The Supreme Court of Arkansas passed on this question as recently as March 24, 1969, in Kimbel v. State, 246 Ark. 400, 438 S.W.2d 705. There the petitioner, Kimbel, served in jail 125 days before the first trial. After the first conviction was set aside, he was returned from the penitentiary, and placed in the county jail until making bond twenty-six days later. He also served substantial time in the penitentiary between the time of the first conviction and the order setting it aside.
As here, the petitioner argued that he should be given credit on the present sentence for the amount of time served in jail prior to each conviction. The court stated:
“As to the days served in jail, we do not agree, for we have no statute permitting this to be done. It is not shown why appellant did not make bond before the first trial; certainly, the alleged offense was bailable, and, as mentioned, bond was made subsequent to the prisoner’s being returned to the jail after the judgment was vacated. As to the time served in the penitentiary, we think appellant is due to have deducted the number of days served after the first conviction. Ark. Stat.Ann. §§ 43-2726 through 43-2728 (Repl.1964) deals with the confinement of a prisoner in the penitentiary where an appeal is taken, and the judgment reversed by the Supreme Court. The first two sections set out that upon a reversal, if a new trial is ordered, the defendant shall be removed from the penitentiary back to the county jail. Ark.Stat.Ann. § 43-2728 provides that, if a defendant, upon a new trial, ‘is again convicted, the period of his former confinement in the penitentiary shall be deducted by the court from the period of confinement fixed in the last verdict of conviction.’ ” Kimbel v. State, supra.

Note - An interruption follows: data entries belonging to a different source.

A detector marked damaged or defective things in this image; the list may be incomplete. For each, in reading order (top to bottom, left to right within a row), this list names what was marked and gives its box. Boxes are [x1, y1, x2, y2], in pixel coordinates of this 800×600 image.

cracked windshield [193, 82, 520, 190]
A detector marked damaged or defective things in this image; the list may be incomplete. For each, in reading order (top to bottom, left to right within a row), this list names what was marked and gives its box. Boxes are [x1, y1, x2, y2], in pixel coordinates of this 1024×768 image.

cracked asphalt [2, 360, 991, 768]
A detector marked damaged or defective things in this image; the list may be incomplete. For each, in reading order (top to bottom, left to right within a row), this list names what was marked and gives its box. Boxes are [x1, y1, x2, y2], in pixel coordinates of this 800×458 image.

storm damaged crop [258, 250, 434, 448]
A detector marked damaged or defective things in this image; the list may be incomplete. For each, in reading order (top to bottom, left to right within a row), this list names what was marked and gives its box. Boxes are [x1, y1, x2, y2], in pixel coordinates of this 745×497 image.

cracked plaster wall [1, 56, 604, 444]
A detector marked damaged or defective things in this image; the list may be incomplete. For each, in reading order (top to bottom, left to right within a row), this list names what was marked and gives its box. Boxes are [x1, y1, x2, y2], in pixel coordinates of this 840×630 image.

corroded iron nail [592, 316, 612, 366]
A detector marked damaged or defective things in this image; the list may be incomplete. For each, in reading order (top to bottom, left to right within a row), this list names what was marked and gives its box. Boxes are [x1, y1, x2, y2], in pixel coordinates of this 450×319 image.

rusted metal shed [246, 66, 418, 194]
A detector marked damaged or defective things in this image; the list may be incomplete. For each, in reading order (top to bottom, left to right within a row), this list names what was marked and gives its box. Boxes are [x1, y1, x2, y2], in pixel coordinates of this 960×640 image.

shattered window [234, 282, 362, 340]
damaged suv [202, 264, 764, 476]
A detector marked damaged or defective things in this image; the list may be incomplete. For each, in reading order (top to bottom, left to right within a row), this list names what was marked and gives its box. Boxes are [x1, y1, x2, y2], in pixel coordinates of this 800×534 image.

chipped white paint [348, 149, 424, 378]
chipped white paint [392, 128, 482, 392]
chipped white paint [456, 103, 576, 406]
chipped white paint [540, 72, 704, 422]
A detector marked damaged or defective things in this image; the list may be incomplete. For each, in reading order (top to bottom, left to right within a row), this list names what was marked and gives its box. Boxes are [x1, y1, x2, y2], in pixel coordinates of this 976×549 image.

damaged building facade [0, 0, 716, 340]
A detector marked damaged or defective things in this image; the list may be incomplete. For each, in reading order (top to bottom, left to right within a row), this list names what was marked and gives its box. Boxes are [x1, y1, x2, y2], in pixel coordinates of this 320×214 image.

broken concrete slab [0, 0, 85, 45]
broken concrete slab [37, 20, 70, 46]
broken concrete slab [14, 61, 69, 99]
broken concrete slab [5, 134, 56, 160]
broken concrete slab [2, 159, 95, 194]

The court further decided the question there, as is presented here, whereby the trial court sets aside the first conviction. The state court held the argument that the statute did not apply was technically correct. However, it further established the rule that the General Assembly did not intend a distinction between convictions reversed by the Supreme Court, and convictions vacated by the Circuit Court. The Court at this point stated:
“Rather, the only logical conclusion is that the General Assembly intended for a convicted person who obtained*1108 a new trial, and was again convicted, to receive credit for the amount of time already served for the same offense.” Kimbel v. State, supra. Accordingly, the petitioner’s petition
for a writ of habeas corpus should be dismissed.
It is, therefore, considered, ordered and adjudged that the petition of the petitioner, Billy Frank Gross, be and the same is hereby dismissed.
. The case relied upon by the petitioner decided by the Supreme Court of the United States on June 23, 1969, State of North Carolina et al. v. Clifton A. Pearce, does not reach the question involved here. The question there was whether or not a “harsher” sentence could be imposed after conviction upon retrial.